Por qué las lenguas cambian y por qué a algunos aún les sorprende

a close up of a book with a lot of words on it

Comprender por qué cambian las lenguas debería ser tan evidente como entender por qué no vamos por ahí montados en mammuts. Pero aquí seguimos, discutiendo si “almóndiga” merece existir. Respuesta: sí. Las lenguas evolucionan porque los seres humanos también lo hacen, aunque mirando a tu cuñado te cueste creerlo. Son sistemas vivos, flexibles y en constante transformación, no reliquias de museo para que ciertos románticos del latín tengan orgasmos mientras recitan en voz alta las declinaciones.

El lenguaje cambia porque lo usamos personas reales en contextos que, sorpresa, cambian. Cada generación retuerce un poco la lengua para ajustarla a sus necesidades, igual que yo ajusto la postura en la silla para aparentar que no tengo la espalda destrozada. Las lenguas nacen, se desarrollan, se reproducen y mueren, aunque algunas, como el hebreo, se empeñan en resucitar. Y otros idiomas sobreviven de milagro, como el cactus que tienes en la estantería.

¡Milagro!

Las lenguas cambian, entre otras cosas, porque nuestra pronunciación tiende a la comodidad absoluta. Con el tiempo, los hablantes acortan, suavizan o directamente se comen sonidos que requieren más esfuerzo del deseable, y esas pequeñas “rebajas” articulatorias terminan convirtiéndose en la nueva norma. La historia de cualquier idioma está llena de consonantes desaparecidas, vocales que se relajaron y grupos de sonidos que se simplificaron porque nadie tenía ganas de hacer gimnasia con la lengua cada vez que abría la boca.

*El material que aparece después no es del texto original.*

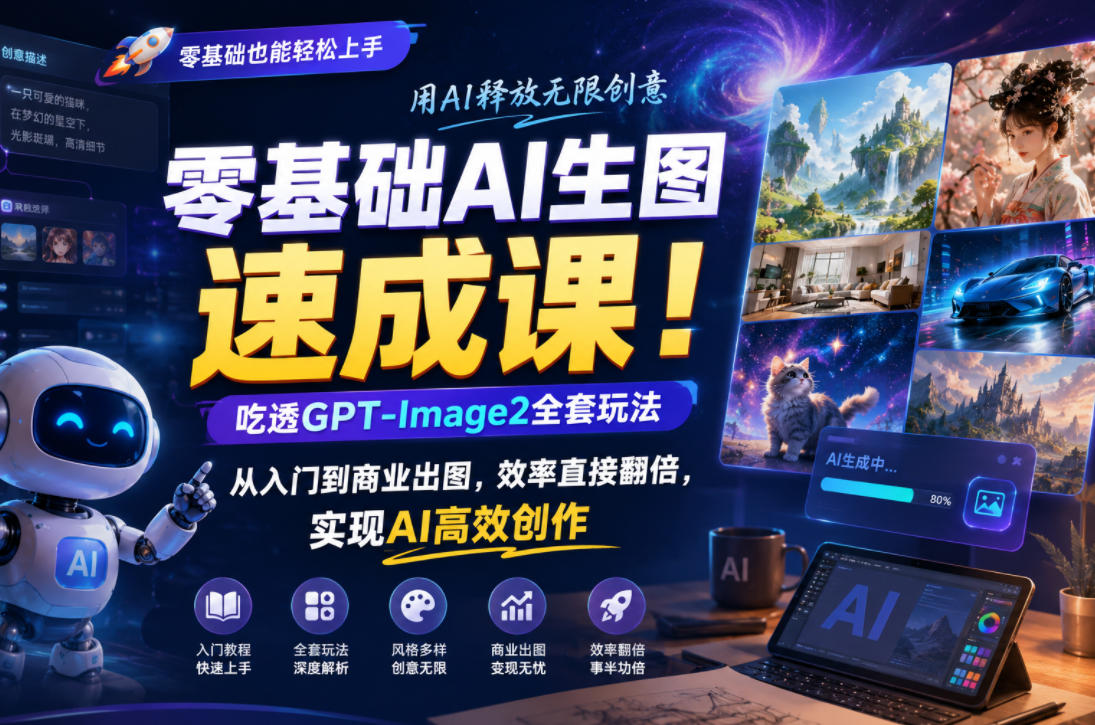 零基础AI生图速成课！吃透GPT-Image2全套玩法，从入门到商业出图，效率直接翻倍，实现AI高效创作-选优云网创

La palabra milagro viene del latín miraculum, pero en su viaje hacia el castellano pasó por fases tan agradecidas como miráclu y miraglo. No es que los hablantes medievales fueran malos estudiantes de latín; simplemente la lengua decidió que pronunciar consonantes en su sitio era opcional. Resultado: un término que hoy suena solemne nació de la pura dejadez articulatoria.

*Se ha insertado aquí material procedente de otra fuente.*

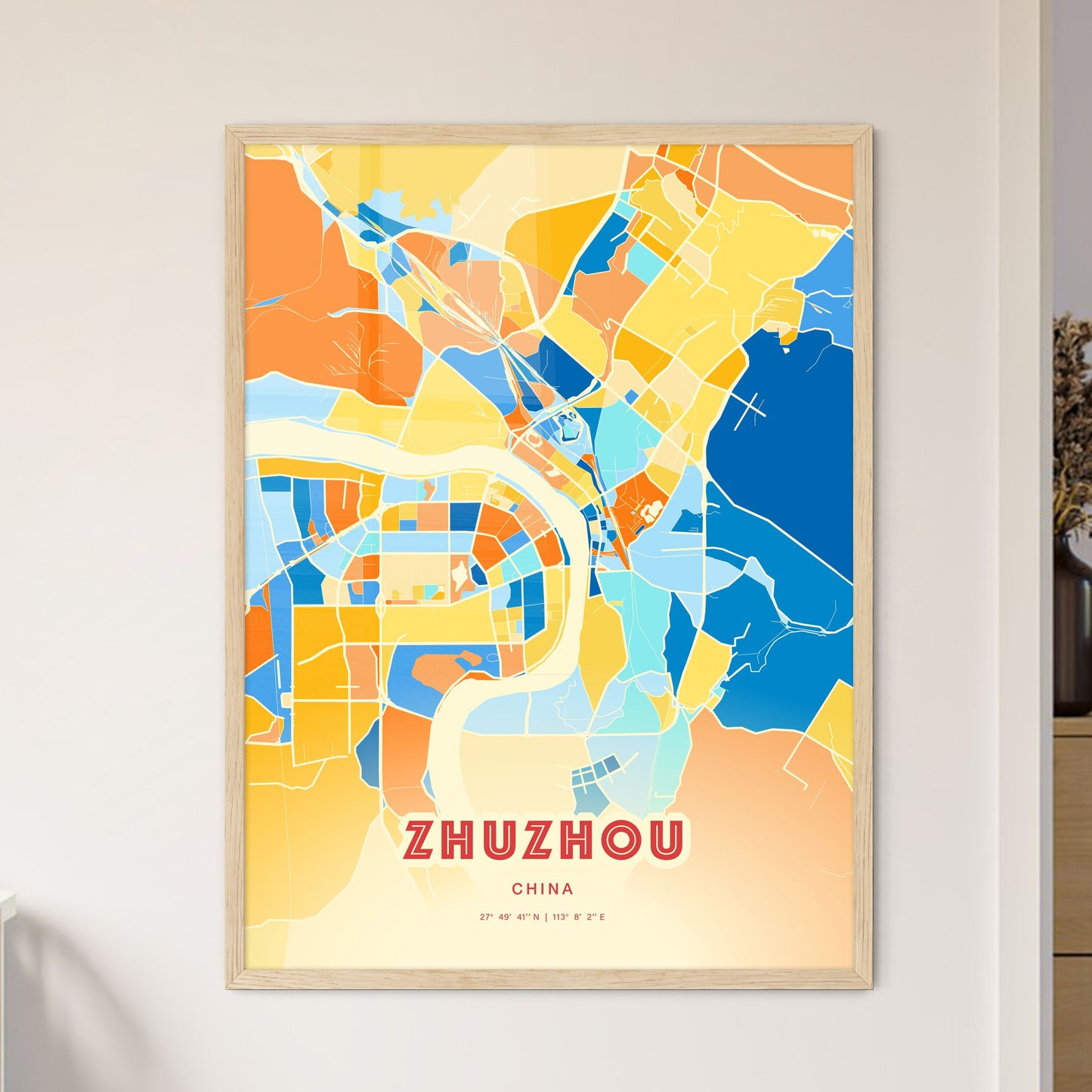 Colorful ZHUZHOU CHINA Fine Art Map Blue Orange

Cultura, tecnología y la incapacidad humana para estarse quieta

A medida que las sociedades se transforman, necesitan palabras nuevas para describir sus creaciones tecnológicas… o sus cagadas. Ahí entran los préstamos lingüísticos, los neologismos y, por supuesto, la desesperación de los puristas. ¿Quién iba a pensar que algo tan aparentemente inmortal como el latín acabaría reducido a alguna que otras misa fascista preconciliar, a la academia y a algún entusiasta con exceso de tiempo libre?

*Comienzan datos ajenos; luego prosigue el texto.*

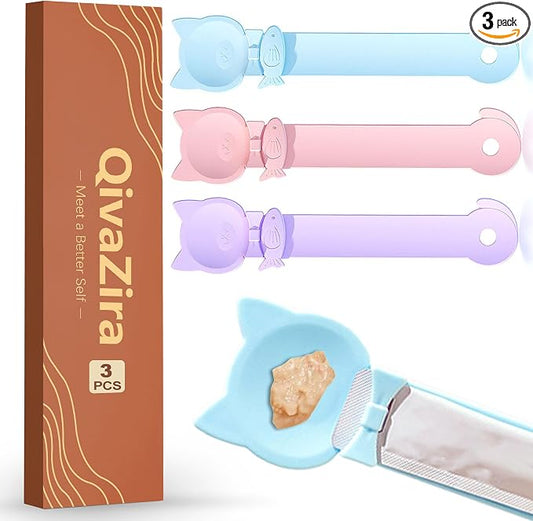 3 Pack Cat Strip Feeder Squeeze Spoon for Wet Food Lickable Treats Dispenser Plastic Cat Feeding Tool for Liquid Snacks Pet Grooming Training Reward Supplies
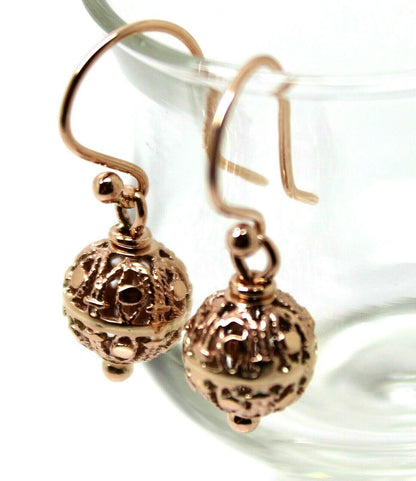 Kaedesigns New Genuine 9ct Yellow, Rose or White Gold 10mm Euro Ball Drop Filigree Earrings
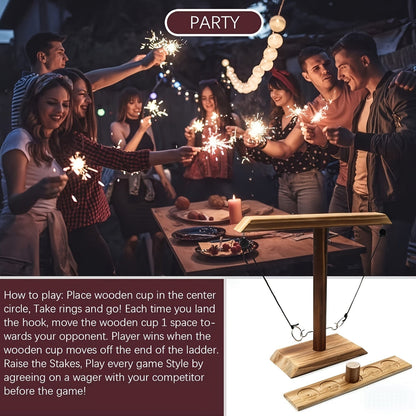 Jeu de lancer d'anneaux en bois pour adultes et enfants - Jeu de crochet et anneaux pour l'intérieur et l'extérieur, montage facile, design en bois naturel, cadeau amusant pour les soirées en famille, au bar ou dans le jardin
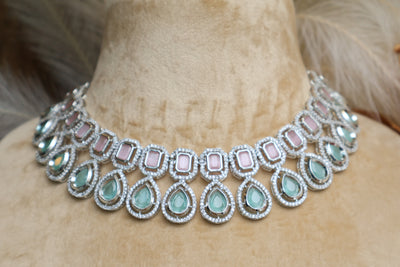 Silver Green Mint and Baby Pink AD Necklace - Indian Secrets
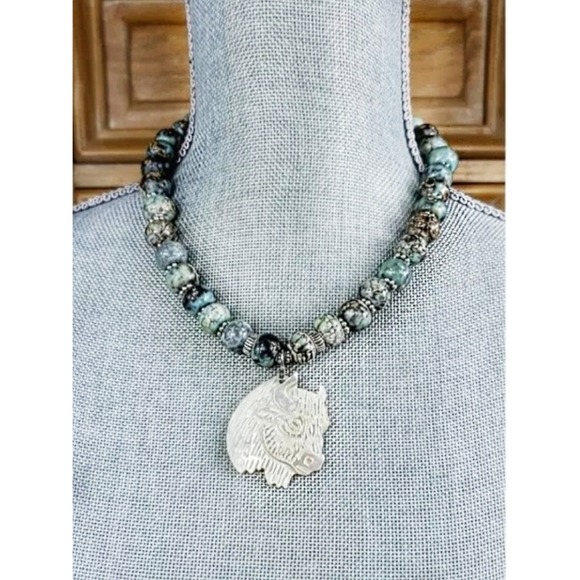 SOLD *Mother of Pearl Southwest Turquoise Necklace - Picture 2 of 6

El caso del hebreo moderno es el ejemplo más famoso. Murió, lo enterraron y lo lloraron. Y luego lo resucitaron a finales del XIX porque, al parecer, no tenían suficiente con el arameo, el griego, el ruso o cualquier otro idioma circulando por ahí. Y porque les venía fenomenal para que “el nuevo hombre hebreo” se lanzara al genocidio. Hubo que modernizar la lengua a base de inventarse medio diccionario, pero funcionó. Tanto, que hoy lo hablan millones de personas que no entenderían el hebreo bíblico.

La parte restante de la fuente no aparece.